Know the Difference Between Colocation and Cloud
Colocation, much like virtualization, is often mistaken for cloud even by IT teams with years of experience. Despite some similarities, the difference between colocation and cloud is vast – the two technologies are worlds apart. While colocation is a data center facility in which a business can rent space for servers and other computing and hardware services, clouds are typically built on commercial off-the-shelf x86 based systems, which both reduces cost while enabling rapid technology. The biggest difference between colocation and the cloud lies within the ways enterprises use servers.
Advantages of the Cloud
Clouds are built to be used by multiple tenants utilizing a vast assortment of applications creating IT agility, allowing more to be done at a lower cost when loading periods are down. It allows for instances, especially useful in the case of big data, which tend to be unavailable in colocation equipment as it’s so rarely done to begin with.
Advantages to Colocation
Despite the ease and agility of cloud, colocation does hold some benefits of its own. In stable or long term situations like web serving or media streaming, it can still be a better choice for some companies.

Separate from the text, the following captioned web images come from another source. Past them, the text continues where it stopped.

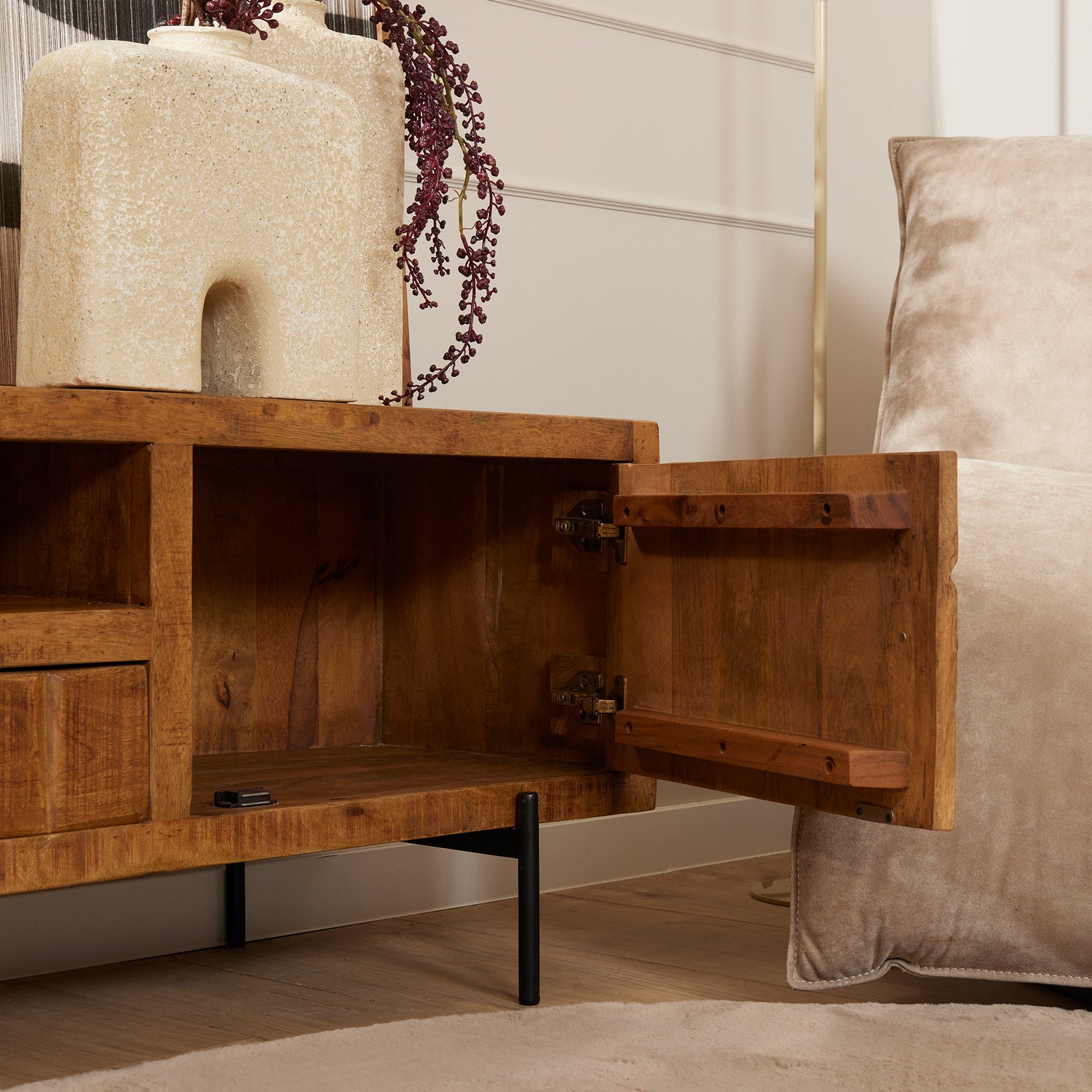 TV-meubel Brandy van Starfurn, 180 cm breed met open vak voor apparatuur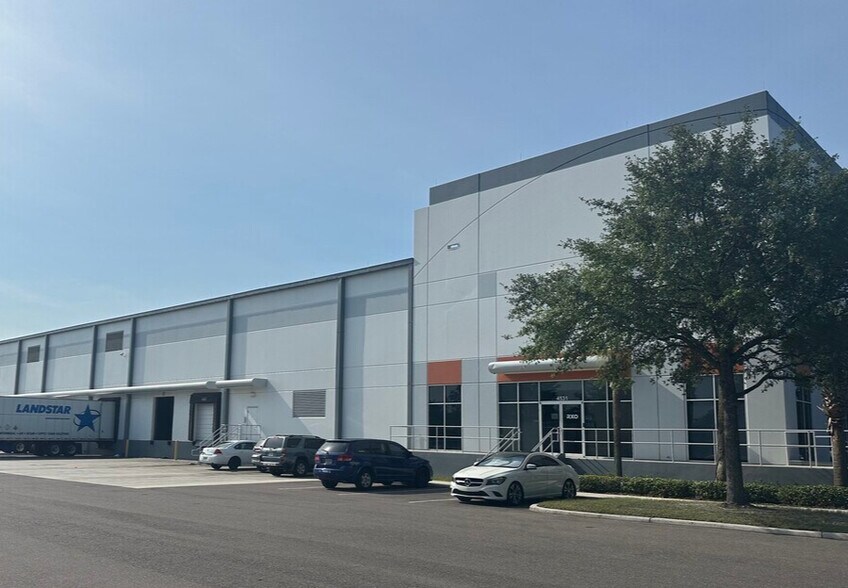 Primary Photo Of 4531-4561 Madison Industrial Ln, Tampa Warehouse For Lease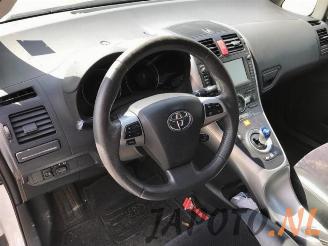 Toyota Auris Auris (E15), Hatchback, 2006 / 2012 1.8 16V HSD Full Hybrid picture 11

Colocation also allows users to place shared storage in a colocation facility providing faster links in order to counter the primary challenge of a low bandwidth WAN when moving data between private and public clouds.
While they still rely on a host for housing and network gear, as it evolves, colocation environments will grow to include storage rental deals with options for long term, fixed storage agreements different from the public cloud options.
Moving Towards the Future
The more traction the cloud gains as the primary computing and data storage vehicle, the colocation model will absolutely have to adapt. Colocation providers will have to evolve to include colocation as one piece of a greater service operation. As of now, vendors usually distinguish between cloud and colocation using confusing language. Using terms like “instances” to describe server sharing in cloud but not for colocation leaves plenty of grey area for both buyers and vendors.
For colocation providers, failing to migrate from a control centric view to that of a service provider with value added services will spark a rapid expansion of shadow IT allowing departmental leaders get better deals and faster responses through the public cloud.